The program clusters gene expression profiles or samples by SOM (Self-Organizing Map) algorithm.

Data specification

The expression data for the set of genes is represented as a table, consisting of rows (usually corresponding to genes) and columns (or fields, usually corresponding to samples/tissues/experiments). Each row corresponds to expression measurements for the gene. Columns correspond to experiments/samples/tissues. However, this table may include not only expression data, but also other information related to genes, for example gene names, classifiers, etc. Therefore we will call the table columns as 'fields' in general case. In general, columns of the table could be of four basic types:
IVALUE signed integer value;
FVALUE floating point value;
WORD text without spaces inside (single word);
STRING text with spaces inside allowed.

Fields are completely defined by their basic types and names.

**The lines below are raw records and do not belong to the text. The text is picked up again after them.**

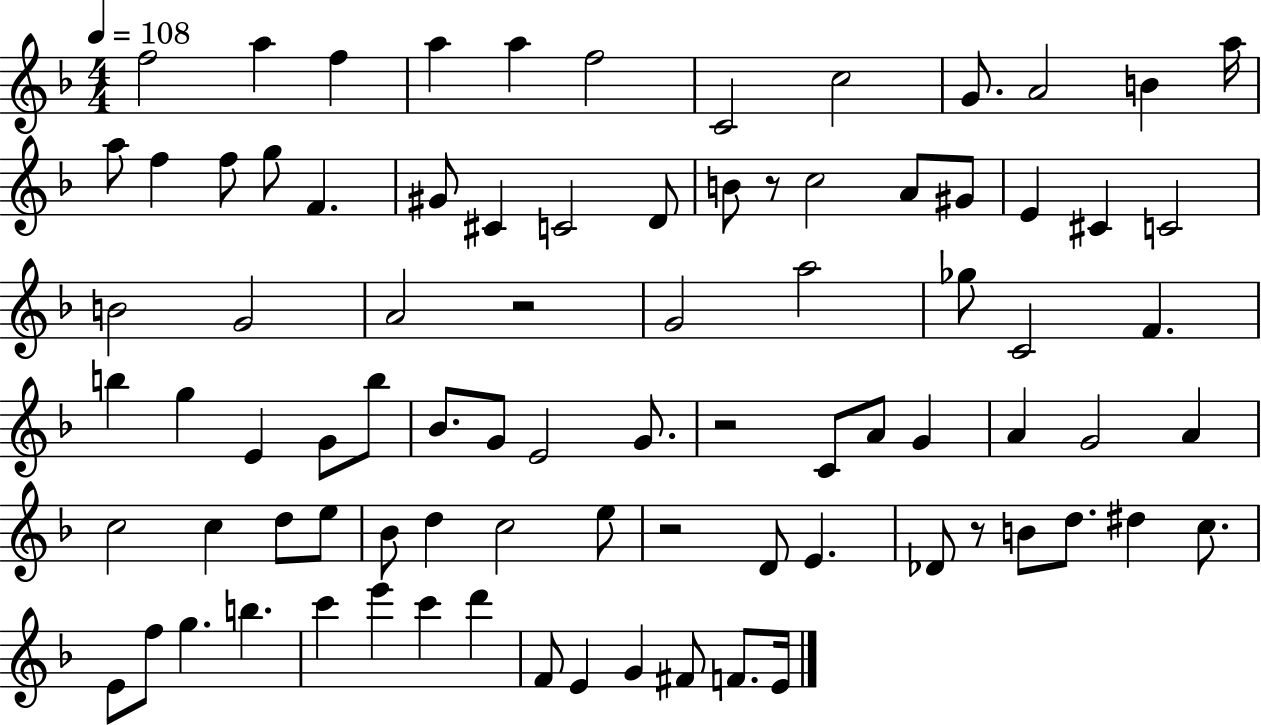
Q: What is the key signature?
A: F major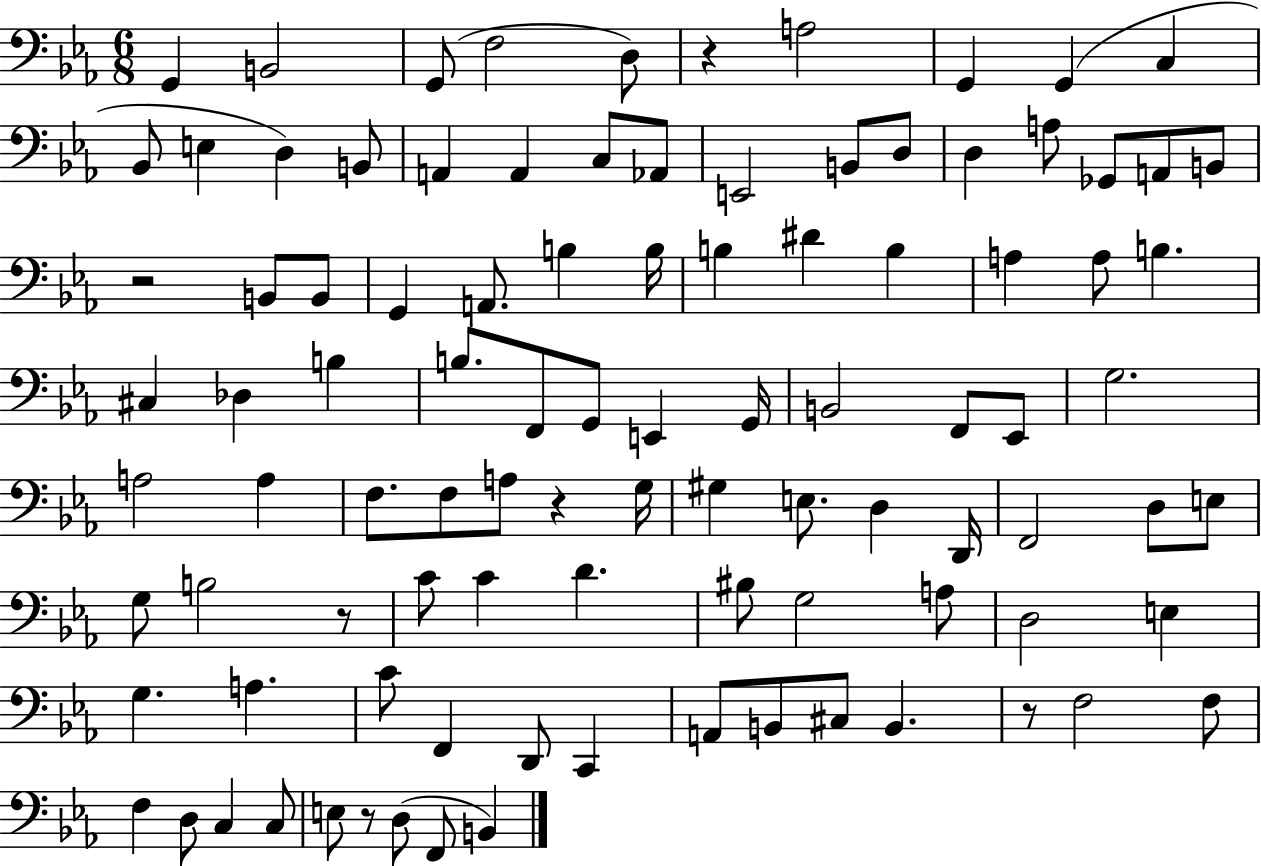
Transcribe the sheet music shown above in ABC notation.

X:1
T:Untitled
M:6/8
L:1/4
K:Eb
G,, B,,2 G,,/2 F,2 D,/2 z A,2 G,, G,, C, _B,,/2 E, D, B,,/2 A,, A,, C,/2 _A,,/2 E,,2 B,,/2 D,/2 D, A,/2 _G,,/2 A,,/2 B,,/2 z2 B,,/2 B,,/2 G,, A,,/2 B, B,/4 B, ^D B, A, A,/2 B, ^C, _D, B, B,/2 F,,/2 G,,/2 E,, G,,/4 B,,2 F,,/2 _E,,/2 G,2 A,2 A, F,/2 F,/2 A,/2 z G,/4 ^G, E,/2 D, D,,/4 F,,2 D,/2 E,/2 G,/2 B,2 z/2 C/2 C D ^B,/2 G,2 A,/2 D,2 E, G, A, C/2 F,, D,,/2 C,, A,,/2 B,,/2 ^C,/2 B,, z/2 F,2 F,/2 F, D,/2 C, C,/2 E,/2 z/2 D,/2 F,,/2 B,,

SelTag Input file basic format

Basic input file format should be as follows:


; May contain comment starting from the semicolon in any line of the file
NAME<tab>WORD
GENEID<tab>IVALUE
TISSUECANCER0<tab>FVALUE
TISSUECANCER1<tab>FVALUE
TISSUENORMAL0<tab>FVALUE
TISSUENORMAL1<tab>FVALUE
TISSUENORMAL2<tab>FVALUE
#GROUP<tab>Cancer tissues
TISSUECANCER0
TISSUECANCER1
#ENDGROUP
#GROUP<tab>Arbitrary group
TISSUECANCER1
TISSUECANCER2
TISSUENORMAL0
TISSUENORMAL1
#ENDGROUP
END
DATA
GENE04675<tab>402<tab>6.00<tab>5.60<tab>5.97<tab>6.00<tab>6.00
GENE46890<tab>794<tab>2.77<tab>3.22<tab>5.65<tab>5.68<tab>5.68
GENE23794<tab>404<tab>5.97<tab>5.97<tab>6.00<tab>5.60<tab>5.97

In this example <tab> implies 'Tab' character symbol.

First lines (up to the "DATA" line) contain data format description. In this part of the file each line describes field description: field name and field basic type.

After the "DATA" line - data on each gene are represented. Each line correspond single cards. Field data are separated by 'tab' symbol. Double 'tab' is interpreted as missed data.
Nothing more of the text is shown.